Zhang Bei, Meng Hui, Zhang Hua, Zang Rui, Zhu Xinwei
Department of Surgery, Jinan Central Hospital Jinan 250013, Shandong, China.
Department of Pain, The Fourth People's Hospital of Jinan Jinan 250031, Shandong, China.
Am J Transl Res. 2024 Sep 15;16(9):4479-4491. doi: 10.62347/ZMMD4239. eCollection 2024.
To analyze the factors influencing chronic pain in patients with knee osteoarthritis after total knee replacement surgery (TKRS) and to construct a nomogram risk prediction model, providing an economically effective screening method for clinical use.
This retrospective study included 100 consecutive patients at the Jinan Central Hospital, with knee osteoarthritis who underwent TKRS from January 2023 to December 2023. Patients were divided into the observation group (n=55) and the control group (n=45) based on the presence of chronic pain. Logistic regression was performed to explore factors associated with chronic pain, including medical records, laboratory data, previous history, and independent clinical risk factors. The identified independent factors were then incorporated to construct a nomogram for chronic pain prediction.
Six variables were identified as independent predictors of chronic pain after TKRS: age, BMI, diabetes, severity of preoperative pain, severity of postoperative acute pain, and postoperative wound infection (P<0.05). The area under the curve (AUC) of this nomogram was 0.836 [95% confidence interval (CI): 0.615-0.884], demonstrating good calibration and clinical practicability.
Age, BMI, diabetes, severity of preoperative pain, severity of postoperative acute pain, and postoperative wound infection are risk factors for chronic pain after TKRS. The predictive nomogram developed in this study shows good prediction ability and accuracy for chronic pain in patients with knee osteoarthritis after surgery.
分析全膝关节置换术(TKRS)后影响膝骨关节炎患者慢性疼痛的因素,并构建列线图风险预测模型,为临床提供一种经济有效的筛查方法。
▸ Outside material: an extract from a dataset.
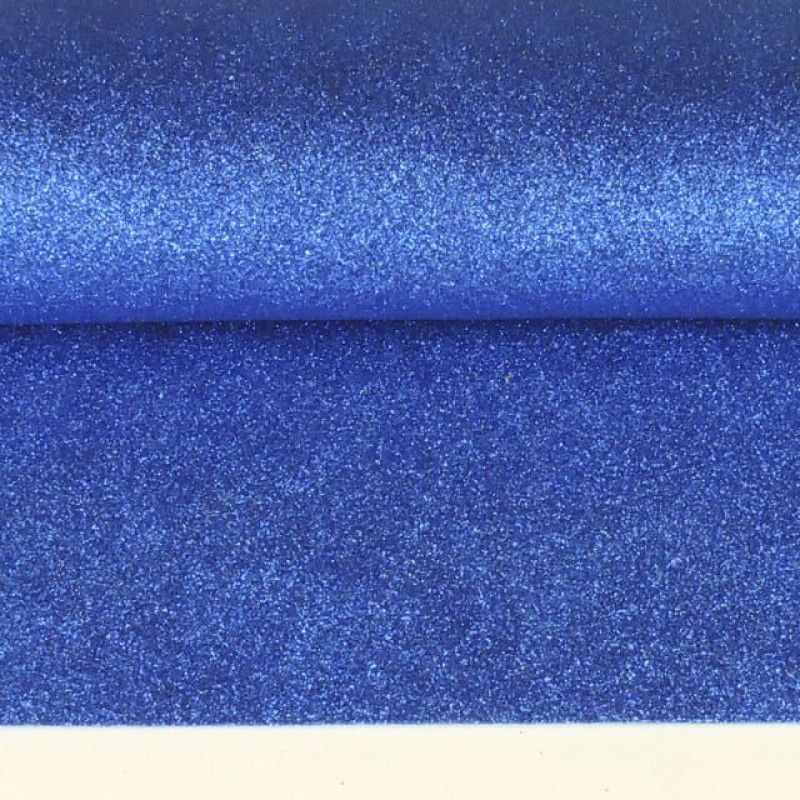 PLACA EVA 60X40CM GLITER ADESIVO IBEL AZUL - PACOTE COM 10 UNIDADES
本回顾性研究纳入了济南市中心医院2023年1月至2023年12月连续收治的100例接受TKRS的膝骨关节炎患者。根据是否存在慢性疼痛将患者分为观察组(n = 55)和对照组(n = 45)。进行逻辑回归分析以探索与慢性疼痛相关的因素,包括病历、实验室数据、既往史和独立临床危险因素。然后将确定的独立因素纳入构建慢性疼痛预测列线图。
六个变量被确定为TKRS后慢性疼痛的独立预测因素:年龄、体重指数、糖尿病、术前疼痛严重程度、术后急性疼痛严重程度和术后伤口感染(P < 0.05)。该列线图的曲线下面积(AUC)为0.836 [95%置信区间(CI):0.615 - 0.884],显示出良好的校准性和临床实用性。
年龄、体重指数、糖尿病、术前疼痛严重程度、术后急性疼痛严重程度和术后伤口感染是TKRS后慢性疼痛的危险因素。本研究开发的预测列线图对膝骨关节炎患者术后慢性疼痛显示出良好的预测能力和准确性。